### Aim of the exercise
Everything from the line that holds "Natural Hide Cowhide Silver Area Rug, 8'x11'" through the end of the records below is to be transcribed exactly, except the pictures.

### Supplied material
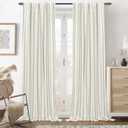 DriftAway Farmhouse Linen Blackout Curtains 96 Inches Long for Bedroom Striped Double Layer Thermal Insulated Sound Reducing Lined Back Tab Rustic Drapes for Living Room 2 Panels W52 x L96 Gray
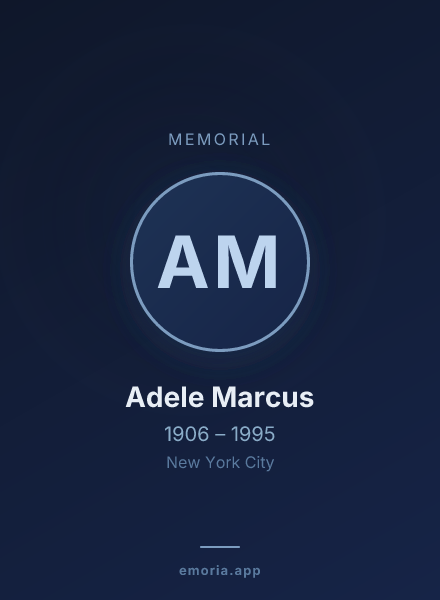 Memorial portrait of Adele Marcus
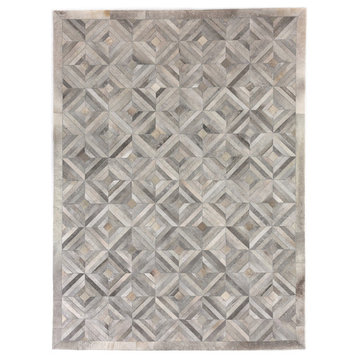 Natural Hide Cowhide Silver Area Rug, 8'x11'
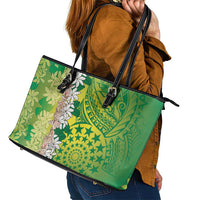 Cook Islands Tiare Maori With Conch Shell Leather Tote Bag Pasifika Fest Polynesian Tattoo Green LT14 - Polynesian Pride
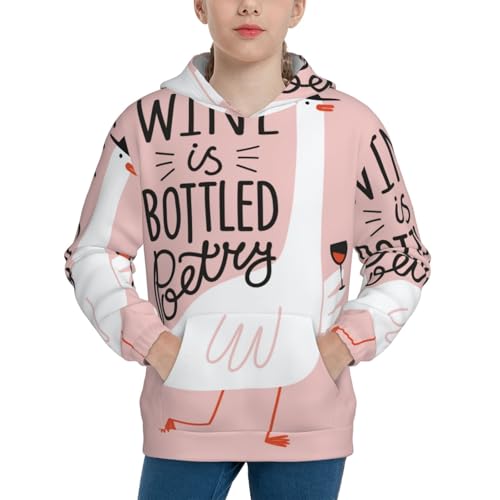 Goose Holding Wineglass with Red Wine Kids Pullover Hoodies Boys Sweatshirts Girls Athletic Clothes with Pocket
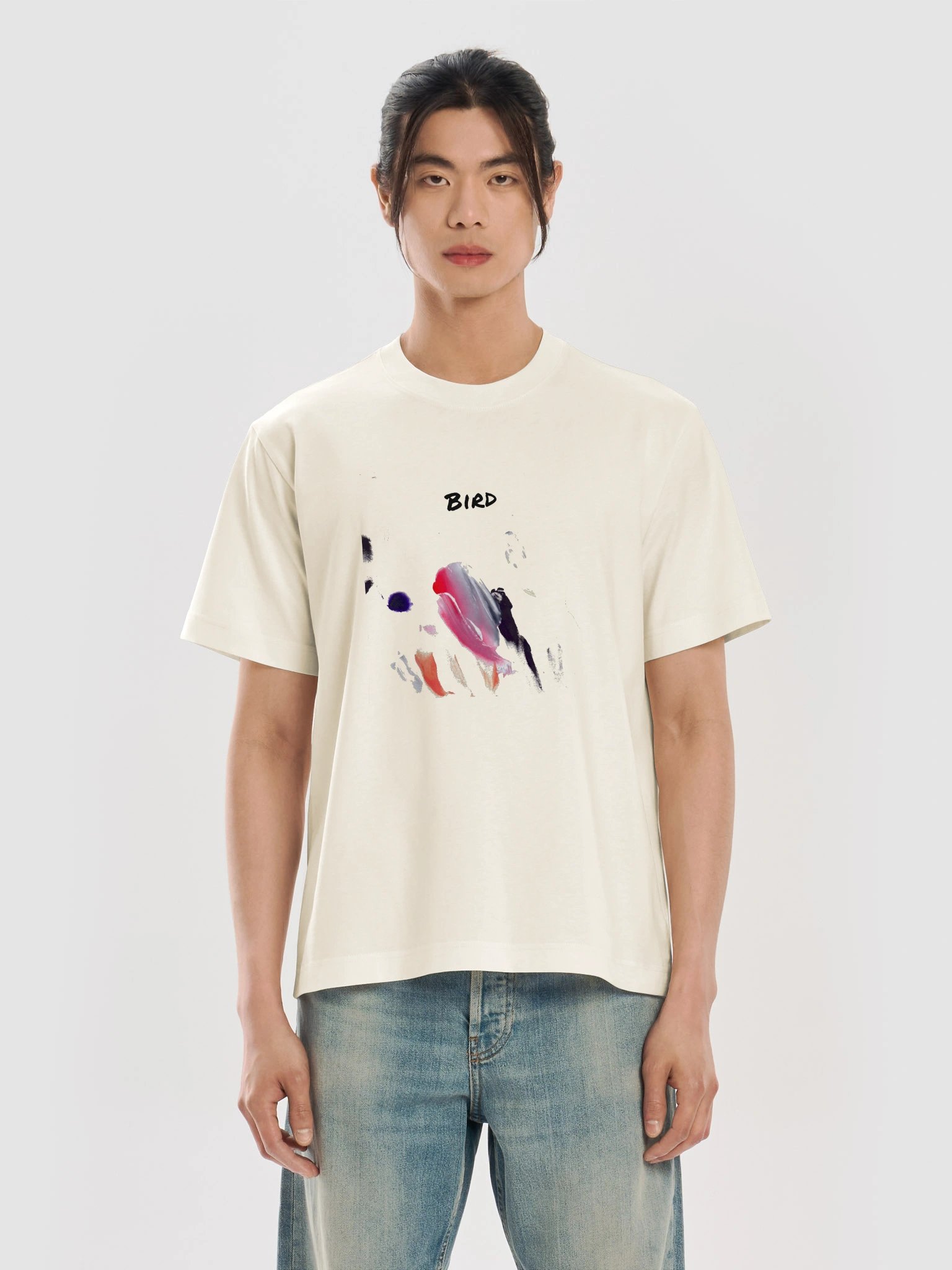 Abstract Bird Brushstroke // Box T-Shirt White product image (9)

### Task response
 Natural Hide Cowhide Silver Area Rug, 8'x11'
 Cook Islands Tiare Maori With Conch Shell Leather Tote Bag Pasifika Fest Polynesian Tattoo Green LT14 - Polynesian Pride
 Goose Holding Wineglass with Red Wine Kids Pullover Hoodies Boys Sweatshirts Girls Athletic Clothes with Pocket
 Abstract Bird Brushstroke // Box T-Shirt White product image (9)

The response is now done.